PoetryBlog
Ode to dkARTS
dkARTS. I remember the art store
opening
on Main Street.
Green and black. Art supplies and coffee.
I drive by, thinking I should stop in. Some time.
That was the summer. More than one year ago.
I didn't stop in.
A friend had tried it. He liked coffee.
"We should go."
We didn't.
He told me of the owner, and her dog, who peed
on the floor,
although the owner said "she never does that,"
and did not believe it untils he saw it
with her own eyes.
Finally. I stopped in.
I met the owner. Patricia.
Patti. Purcel.
Aliterative name, literative personality.
She and I eventually clicked.
Melded into a fluid dance of words and thoughts and
anal philosophies that were edged with liberal
ideas.
And Abby. Who barked at me.
Soon, I was a regular.
I met Desmal. The 'D' in dkARTS.
(Later I learned the K was Patti's middle name.)
Desmal. The rock star artist.
The photographer. The guy who warps around any definition.

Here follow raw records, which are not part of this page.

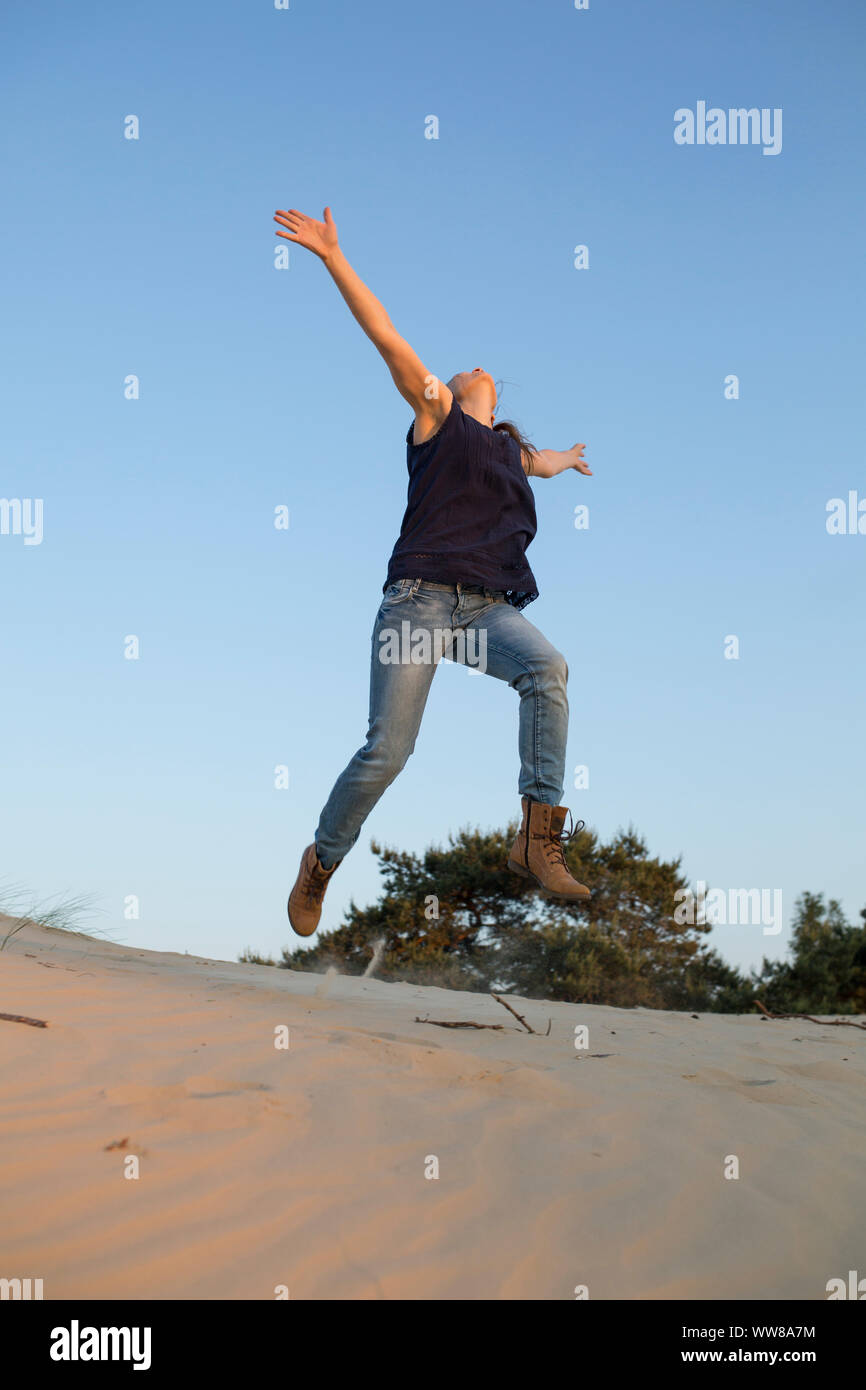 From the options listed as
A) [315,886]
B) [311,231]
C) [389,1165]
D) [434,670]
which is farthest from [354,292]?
→ [389,1165]

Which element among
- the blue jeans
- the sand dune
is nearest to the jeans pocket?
the blue jeans

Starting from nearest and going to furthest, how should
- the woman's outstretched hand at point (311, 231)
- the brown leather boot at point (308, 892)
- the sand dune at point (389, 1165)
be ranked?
the sand dune at point (389, 1165) → the woman's outstretched hand at point (311, 231) → the brown leather boot at point (308, 892)

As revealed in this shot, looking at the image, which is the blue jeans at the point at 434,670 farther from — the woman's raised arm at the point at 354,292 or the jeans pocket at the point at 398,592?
the woman's raised arm at the point at 354,292

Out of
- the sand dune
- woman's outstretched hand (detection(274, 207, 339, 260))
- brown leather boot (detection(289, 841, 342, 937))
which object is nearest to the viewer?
the sand dune

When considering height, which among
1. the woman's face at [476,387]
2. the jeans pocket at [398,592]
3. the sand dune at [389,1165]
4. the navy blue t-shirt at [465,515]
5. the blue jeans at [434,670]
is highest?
the woman's face at [476,387]

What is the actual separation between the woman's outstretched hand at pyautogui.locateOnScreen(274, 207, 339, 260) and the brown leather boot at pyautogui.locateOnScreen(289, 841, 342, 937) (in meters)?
2.40

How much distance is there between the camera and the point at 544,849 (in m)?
4.15

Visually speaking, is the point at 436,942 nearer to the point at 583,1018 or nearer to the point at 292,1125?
the point at 583,1018

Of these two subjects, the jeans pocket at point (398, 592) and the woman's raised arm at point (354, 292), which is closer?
the woman's raised arm at point (354, 292)

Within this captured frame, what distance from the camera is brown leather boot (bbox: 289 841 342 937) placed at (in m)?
4.59

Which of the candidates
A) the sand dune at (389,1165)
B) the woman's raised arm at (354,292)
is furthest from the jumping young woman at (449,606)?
the sand dune at (389,1165)

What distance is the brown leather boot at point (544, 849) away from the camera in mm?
4094

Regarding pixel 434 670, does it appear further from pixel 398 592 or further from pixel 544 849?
pixel 544 849

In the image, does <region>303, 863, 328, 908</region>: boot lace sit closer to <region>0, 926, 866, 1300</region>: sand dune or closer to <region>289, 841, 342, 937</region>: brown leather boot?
<region>289, 841, 342, 937</region>: brown leather boot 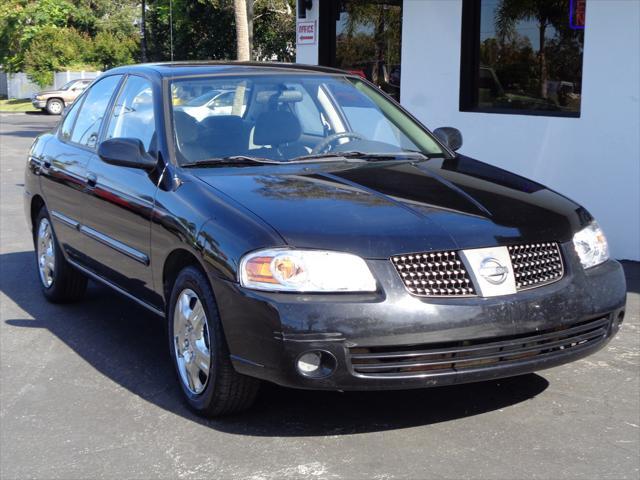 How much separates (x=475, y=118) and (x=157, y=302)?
572cm

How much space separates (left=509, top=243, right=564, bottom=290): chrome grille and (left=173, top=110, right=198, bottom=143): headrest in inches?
75.2

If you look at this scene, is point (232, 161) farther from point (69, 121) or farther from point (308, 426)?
point (69, 121)

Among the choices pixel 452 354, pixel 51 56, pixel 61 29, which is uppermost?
pixel 61 29

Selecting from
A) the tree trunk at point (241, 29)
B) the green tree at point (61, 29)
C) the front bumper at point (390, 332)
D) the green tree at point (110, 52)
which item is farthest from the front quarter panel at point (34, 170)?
the green tree at point (110, 52)

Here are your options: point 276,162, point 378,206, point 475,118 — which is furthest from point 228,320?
point 475,118

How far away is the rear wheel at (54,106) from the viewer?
42188 millimetres

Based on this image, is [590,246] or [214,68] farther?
[214,68]

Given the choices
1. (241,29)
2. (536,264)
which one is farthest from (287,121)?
(241,29)

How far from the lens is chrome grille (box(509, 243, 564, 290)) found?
440cm

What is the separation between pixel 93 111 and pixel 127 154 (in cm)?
154

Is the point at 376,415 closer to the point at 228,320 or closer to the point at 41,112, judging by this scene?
the point at 228,320

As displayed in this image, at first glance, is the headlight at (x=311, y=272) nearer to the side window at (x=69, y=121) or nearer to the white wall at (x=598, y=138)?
the side window at (x=69, y=121)

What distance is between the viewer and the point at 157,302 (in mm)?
5223

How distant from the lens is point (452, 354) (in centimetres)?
422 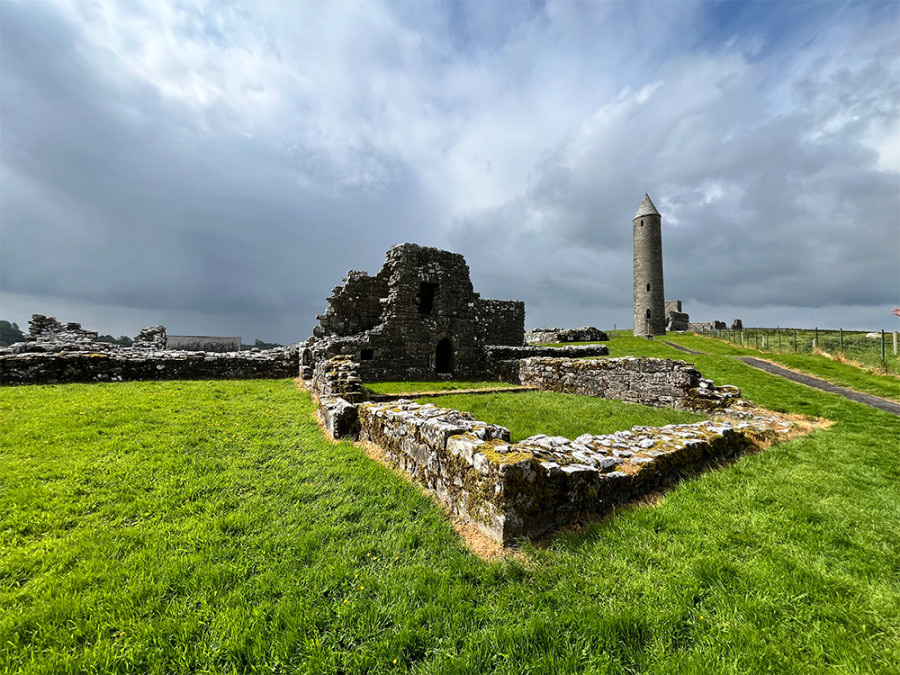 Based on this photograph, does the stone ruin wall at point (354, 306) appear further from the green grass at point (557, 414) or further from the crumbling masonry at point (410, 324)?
the green grass at point (557, 414)

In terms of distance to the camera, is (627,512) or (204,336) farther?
(204,336)

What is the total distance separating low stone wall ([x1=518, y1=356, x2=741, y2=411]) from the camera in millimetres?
10023

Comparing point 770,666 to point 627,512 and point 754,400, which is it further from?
point 754,400

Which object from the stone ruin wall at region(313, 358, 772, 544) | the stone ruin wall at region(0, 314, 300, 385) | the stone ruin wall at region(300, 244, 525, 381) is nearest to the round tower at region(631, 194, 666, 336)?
the stone ruin wall at region(300, 244, 525, 381)

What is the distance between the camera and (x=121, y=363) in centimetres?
1342

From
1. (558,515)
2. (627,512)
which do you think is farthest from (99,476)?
(627,512)

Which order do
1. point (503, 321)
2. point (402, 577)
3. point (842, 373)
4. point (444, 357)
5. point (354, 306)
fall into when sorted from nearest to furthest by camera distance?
1. point (402, 577)
2. point (842, 373)
3. point (354, 306)
4. point (444, 357)
5. point (503, 321)

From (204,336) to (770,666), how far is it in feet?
112

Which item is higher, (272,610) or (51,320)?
(51,320)

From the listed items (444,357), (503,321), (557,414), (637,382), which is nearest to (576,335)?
(503,321)

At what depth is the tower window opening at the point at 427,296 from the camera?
1952 cm

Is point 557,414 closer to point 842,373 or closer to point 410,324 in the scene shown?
point 410,324

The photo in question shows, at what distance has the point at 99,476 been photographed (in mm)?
4727

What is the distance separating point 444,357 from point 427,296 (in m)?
3.74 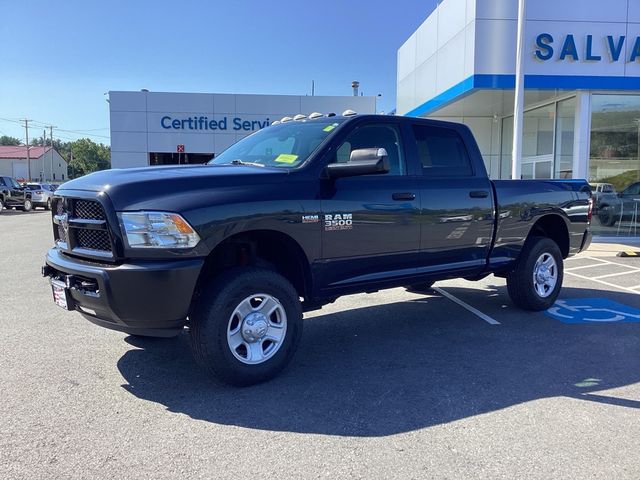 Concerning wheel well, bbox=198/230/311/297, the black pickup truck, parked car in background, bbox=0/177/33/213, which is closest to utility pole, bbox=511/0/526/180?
the black pickup truck

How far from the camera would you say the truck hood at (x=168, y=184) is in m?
3.69

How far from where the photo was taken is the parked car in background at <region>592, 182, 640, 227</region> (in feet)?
46.9

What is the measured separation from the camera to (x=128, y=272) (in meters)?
3.59

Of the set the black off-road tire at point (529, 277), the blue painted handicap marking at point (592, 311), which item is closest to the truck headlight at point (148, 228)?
the black off-road tire at point (529, 277)

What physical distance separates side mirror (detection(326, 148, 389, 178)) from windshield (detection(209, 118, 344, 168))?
0.38 m

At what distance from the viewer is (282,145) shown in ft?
16.5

The heart, the soul of it all,
the face that beamed no matter his mood.
He made me want a Holga.
(And now I have a disease called Lomography.)
Desmal and Patti. And Scot. And Jeremiah. And Kevin. And Mary, strange eccentric crazy quiet aloof but sincere Mary. And Wayne, Angela, Greg, the other Greg (Ian), Joe, Bo, Kelly, Ash, Jason, Hermes, Danny, Amy, Dallas and dozens more whose names elude me.
Then me. I was here, this place was mine, for a time.
(Now it's Drew's.)
Poetry night. Like tonight. We shaped it, made it, created life in downtown Statesboro. We were rock stars. Me, Desmal, Mary, Patti. Rock stars of art, and we made each of you feel like one, too.
But not as much as Desmal made this place.
Lomo Scavs, art openings, art clopenings, schnizzle head marathons, Gummo viewing (I hate rabbits!), frosted gardens, summr flings, broken glass tiles, lomo homes, branding, branding, branding, art classes, customers (the good and the bad and the weird), frappe mix (sweet, sweet frappe), the Owigami fak-tow-ee, and oh god so much more.
I can't fit into one poem all the thoughts of dkARTS. I can't fit them into a book.
I'm leaving, for the most part.
Oh, I'll be back. You can't really leave it behind.
Or at least I can't.
But I do have some advice;
Cherish it. Love it. Live it. Enjoy it. All of you.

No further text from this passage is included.